- **Task brief**: Any pictures in the records below must be left out when you repeat the lines from the line containing "Hello everyone, welcome" through the line containing "But first of" exactly.

[Records from a collection]

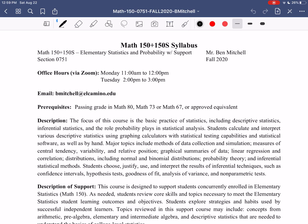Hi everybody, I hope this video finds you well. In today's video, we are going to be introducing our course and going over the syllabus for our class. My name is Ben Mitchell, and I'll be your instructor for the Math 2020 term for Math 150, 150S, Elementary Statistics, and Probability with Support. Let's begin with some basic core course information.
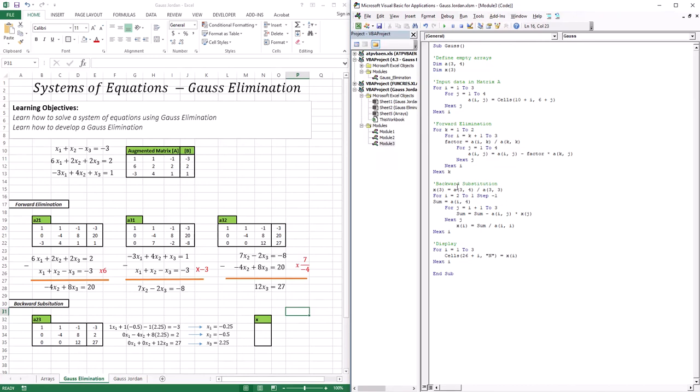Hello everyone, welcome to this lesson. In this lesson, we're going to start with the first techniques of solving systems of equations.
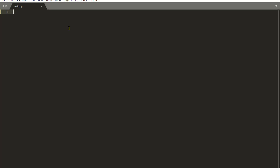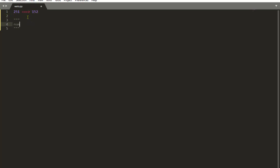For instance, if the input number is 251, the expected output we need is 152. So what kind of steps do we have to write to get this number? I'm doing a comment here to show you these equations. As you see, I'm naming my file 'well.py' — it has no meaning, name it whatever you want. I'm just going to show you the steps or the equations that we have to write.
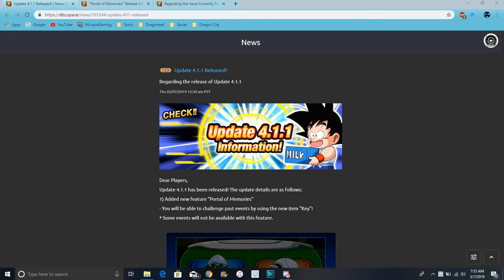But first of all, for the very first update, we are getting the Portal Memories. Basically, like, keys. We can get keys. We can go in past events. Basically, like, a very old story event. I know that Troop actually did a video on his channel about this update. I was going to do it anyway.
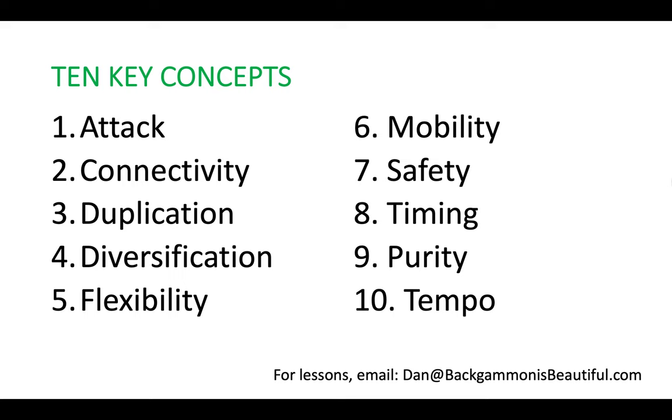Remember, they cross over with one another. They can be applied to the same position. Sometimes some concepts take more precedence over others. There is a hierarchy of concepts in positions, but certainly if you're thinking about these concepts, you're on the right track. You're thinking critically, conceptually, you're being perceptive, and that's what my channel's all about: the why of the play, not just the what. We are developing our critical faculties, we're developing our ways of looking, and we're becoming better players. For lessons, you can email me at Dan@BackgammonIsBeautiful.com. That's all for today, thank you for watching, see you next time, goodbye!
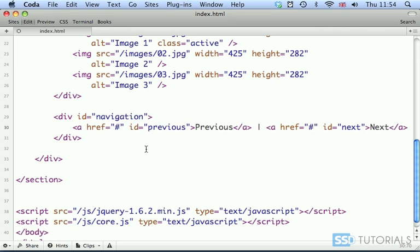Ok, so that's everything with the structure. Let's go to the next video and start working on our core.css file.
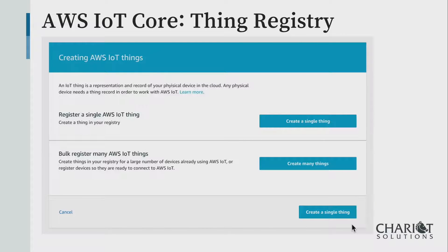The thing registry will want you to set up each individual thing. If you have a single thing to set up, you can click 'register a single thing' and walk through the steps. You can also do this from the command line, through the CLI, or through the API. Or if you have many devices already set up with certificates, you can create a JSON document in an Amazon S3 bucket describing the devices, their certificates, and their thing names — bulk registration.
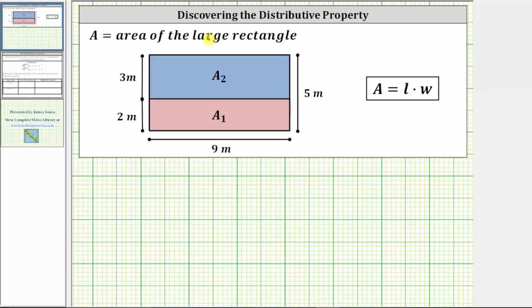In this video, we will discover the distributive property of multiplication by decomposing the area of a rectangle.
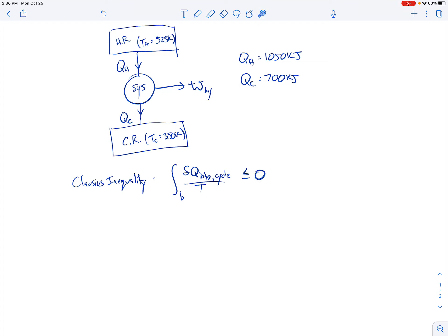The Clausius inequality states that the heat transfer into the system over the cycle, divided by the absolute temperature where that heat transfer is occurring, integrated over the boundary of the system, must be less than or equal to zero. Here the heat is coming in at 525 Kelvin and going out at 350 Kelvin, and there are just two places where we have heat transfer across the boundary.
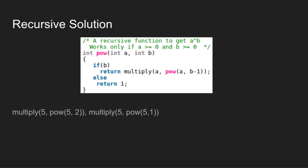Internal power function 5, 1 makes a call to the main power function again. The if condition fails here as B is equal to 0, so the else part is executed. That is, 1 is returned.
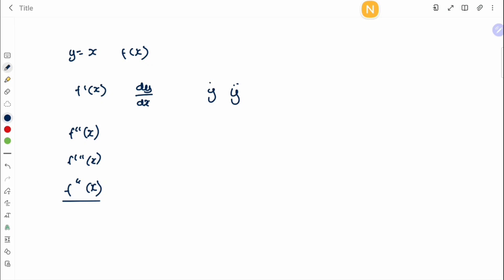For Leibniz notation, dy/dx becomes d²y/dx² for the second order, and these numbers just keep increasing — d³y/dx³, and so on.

- **Task solution**:
Hello everyone, welcome to this lesson. In this lesson, we're going to start with the first techniques of solving systems of equations.
For instance, if the input number is 251, the expected output we need is 152. So what kind of steps do we have to write to get this number? I'm doing a comment here to show you these equations. As you see, I'm naming my file 'well.py' — it has no meaning, name it whatever you want. I'm just going to show you the steps or the equations that we have to write.
But first of all, for the very first update, we are getting the Portal Memories. Basically, like, keys. We can get keys. We can go in past events. Basically, like, a very old story event. I know that Troop actually did a video on his channel about this update. I was going to do it anyway.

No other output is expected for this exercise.